しかし、このとき故人から遺贈や多額の生前贈与を受けた人がいた場合、そのまま遺産分けをしてしまうと、財産をもらった人とそうでない人の間で格差が起きてしまいますよね。
そこで、民法では特別受益という制度を用意し、相続人間の実質的な公平を図ることにしています。
特別受益とは?
特別受益とは、簡単に言ってしまえば、亡くなった人から遺贈や生前贈与を受けた人がいた場合に、その人がもらった財産を相続財産の一部としてカウントするという制度です。
民法第903条1項
共同相続人中に、被相続人から、遺贈を受け、又は婚姻若しくは養子縁組のため若しくは生計の資本として贈与を受けた者があるときは、被相続人が相続開始の時において有した財産の価額にその贈与の価額を加えたものを相続財産とみなし、前三条の規定により算定した相続分の中からその遺贈又は贈与の価額を控除した残額をもってその者の相続分とする。

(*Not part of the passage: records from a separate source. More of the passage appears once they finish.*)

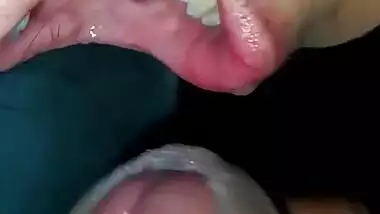 Desi Aunty And Indian Bhabhi - Real Indian Gf Giving Closeup Bj In Gym Store Room With Cum In Mouth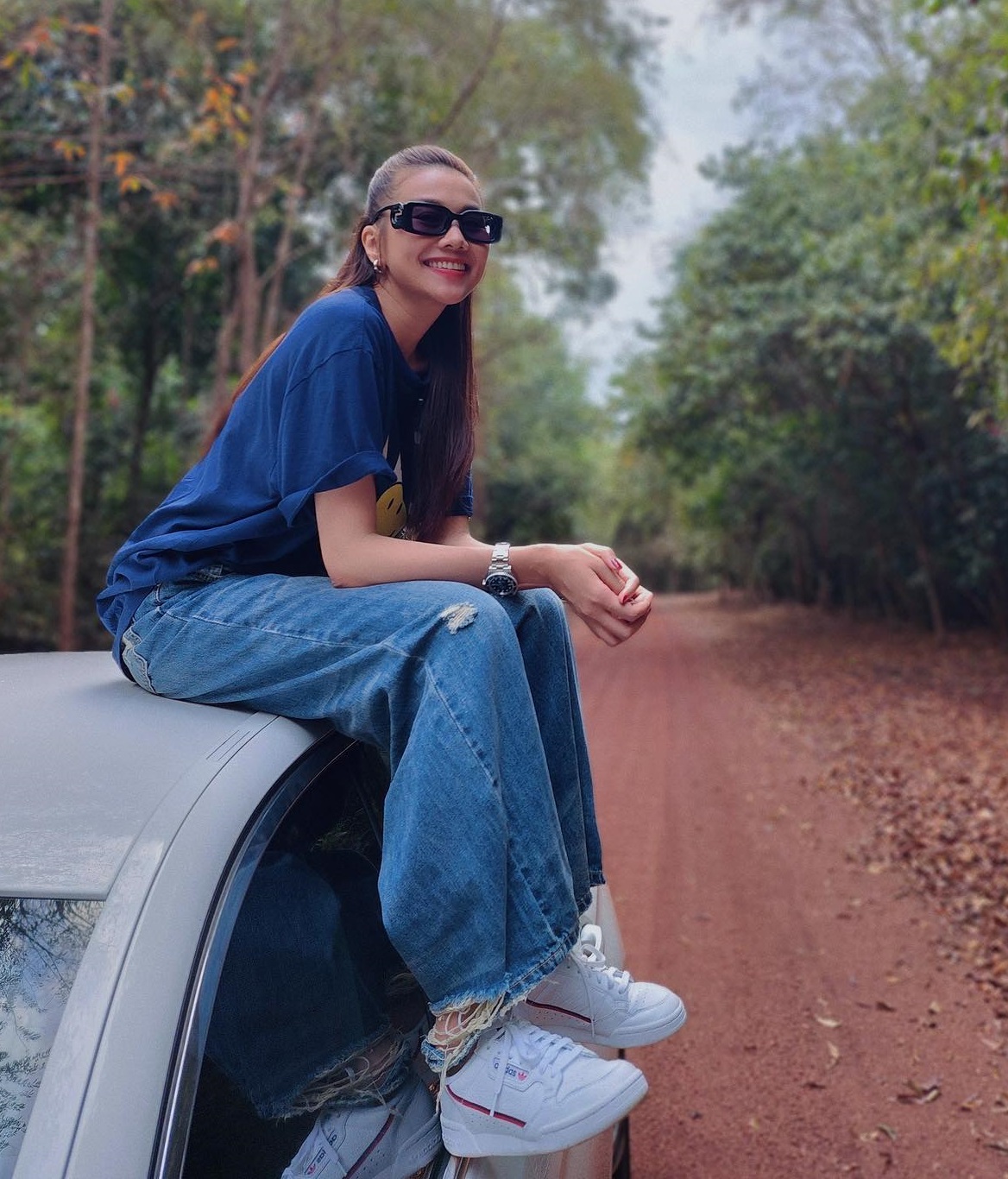 Mỹ nhân Việt chăm diện 5 món thời trang để hack tuổi-5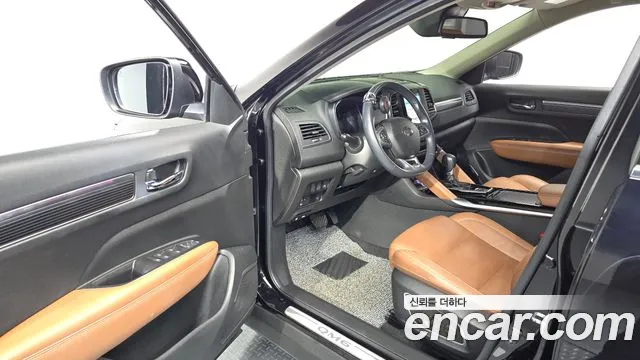 Renault-KoreaSamsung QM6 Новый QM6 2.0 LPe RE Signature 2WD — Фото автомобиля 10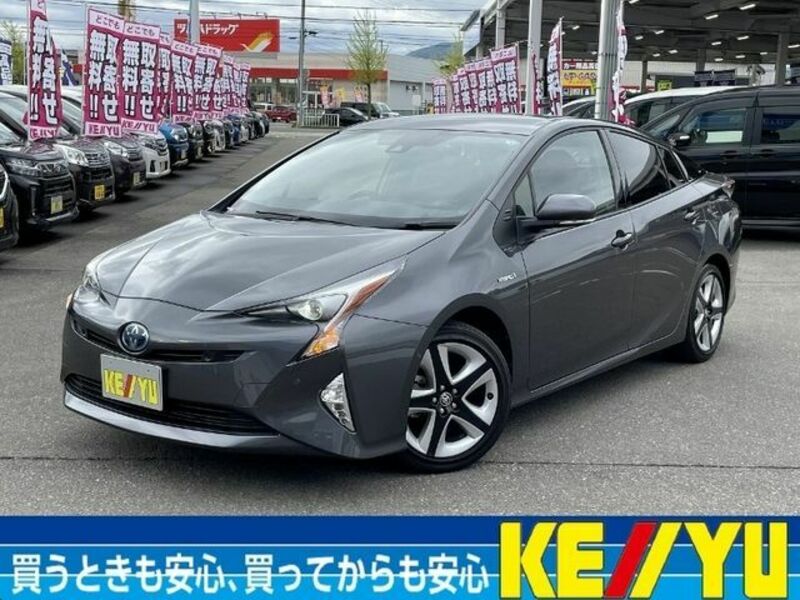 TOYOTA　PRIUS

もし、特別受益をもらったと認定された人がいた場合は、持戻し計算を行い、特別受益を本来の相続財産に足したものが「相続財産」となります。そして、本来の相続分から特別受益分を除いた分が、特別受益をもらった人の相続分となります。
事例
父親が亡くなり、「相続財産が預貯金など5000万円、相続人が妻、子供A・Bの3人」というケースを考えてみましょう。
このケースで、「父親が生前、長男である子供Aに住宅の購入費用として1000万円を援助していた」といった事情があった場合、Aのもらった1000万円は「生計の資本として受けた贈与」として特別受益に当たります。
つまり、本来の相続財産5000万円に、特別受益分1000万円を加えた合計6000万円が、このケースにおける「相続財産」です。これを法定相続に従って分ける場合、それぞれの相続分は次のようになります。
・妻
6000万円×1/2=3000万円
・子供A
6000万円×1/2×1/2-1000万円(特別受益)=500万円
・子供B
6000万円×1/2×1/2=1500万円
特別受益を考慮した結果、「Aが財産をもらいすぎる」という事態を回避できたことがわかります。
特別受益に当たるものとは?
特別受益に当たるものは、民法の規定によれば遺贈、および「婚姻若しくは養子縁組のため若しくは生計の資本」として受けた贈与です。
このうち、前者の遺贈はすべて特別受益として扱われます。また、後者の生前贈与については、子供が結婚する際に住宅購入費を援助した、事業を行うための資金や土地を提供した、といったケースが該当します。
一方、普段の生活費や医療費といった日常的な支出は特別受益には当たりません。これは親子や兄弟姉妹間では扶養義務があるので(民法877条)、日常のちょっとした支出は「贈与」とはみなされないためです。
なお、実務上では、相当額の贈与があった場合は、特に事情がない限りは「生計の資本として受けた贈与」として特別受益に当たると判断される傾向があります。
もし特別受益を主張する場合、特別受益の認定などをめぐって相続トラブルが起きやすくなります。特別受益を主張したい、あるいは主張された、といった場合は、弁護士に一度相談してみましょう。